Work required:
Retype the listing below exactly, beginning at the line that contains "Côte d’Opale, vue" and ending with its last line.
##### Source material #####
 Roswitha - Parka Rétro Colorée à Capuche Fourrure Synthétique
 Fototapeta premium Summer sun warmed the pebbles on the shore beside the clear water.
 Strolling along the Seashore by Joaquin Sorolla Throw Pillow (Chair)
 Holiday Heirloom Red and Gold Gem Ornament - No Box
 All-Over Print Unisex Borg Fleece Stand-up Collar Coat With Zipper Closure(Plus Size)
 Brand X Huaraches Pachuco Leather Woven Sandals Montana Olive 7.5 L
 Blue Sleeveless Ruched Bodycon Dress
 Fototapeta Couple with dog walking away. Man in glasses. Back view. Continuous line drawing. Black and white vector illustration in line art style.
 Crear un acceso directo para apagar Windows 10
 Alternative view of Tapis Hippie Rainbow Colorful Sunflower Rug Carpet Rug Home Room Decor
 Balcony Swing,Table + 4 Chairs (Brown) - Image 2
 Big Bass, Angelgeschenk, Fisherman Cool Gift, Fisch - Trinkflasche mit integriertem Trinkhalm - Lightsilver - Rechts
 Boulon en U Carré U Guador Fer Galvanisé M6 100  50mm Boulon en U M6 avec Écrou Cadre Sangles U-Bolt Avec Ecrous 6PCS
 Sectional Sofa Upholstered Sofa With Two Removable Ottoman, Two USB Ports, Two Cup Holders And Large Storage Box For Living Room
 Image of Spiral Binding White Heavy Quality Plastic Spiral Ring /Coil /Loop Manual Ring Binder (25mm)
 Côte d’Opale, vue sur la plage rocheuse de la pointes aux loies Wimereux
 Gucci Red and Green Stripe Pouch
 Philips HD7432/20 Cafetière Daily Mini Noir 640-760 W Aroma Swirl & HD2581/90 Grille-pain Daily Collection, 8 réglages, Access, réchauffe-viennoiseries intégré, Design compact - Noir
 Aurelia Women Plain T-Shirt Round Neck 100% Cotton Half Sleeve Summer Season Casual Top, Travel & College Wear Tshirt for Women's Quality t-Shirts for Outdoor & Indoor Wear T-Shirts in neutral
#####
Solution for this problem:
 Côte d’Opale, vue sur la plage rocheuse de la pointes aux loies Wimereux
 Gucci Red and Green Stripe Pouch
 Philips HD7432/20 Cafetière Daily Mini Noir 640-760 W Aroma Swirl & HD2581/90 Grille-pain Daily Collection, 8 réglages, Access, réchauffe-viennoiseries intégré, Design compact - Noir
 Aurelia Women Plain T-Shirt Round Neck 100% Cotton Half Sleeve Summer Season Casual Top, Travel & College Wear Tshirt for Women's Quality t-Shirts for Outdoor & Indoor Wear T-Shirts in neutral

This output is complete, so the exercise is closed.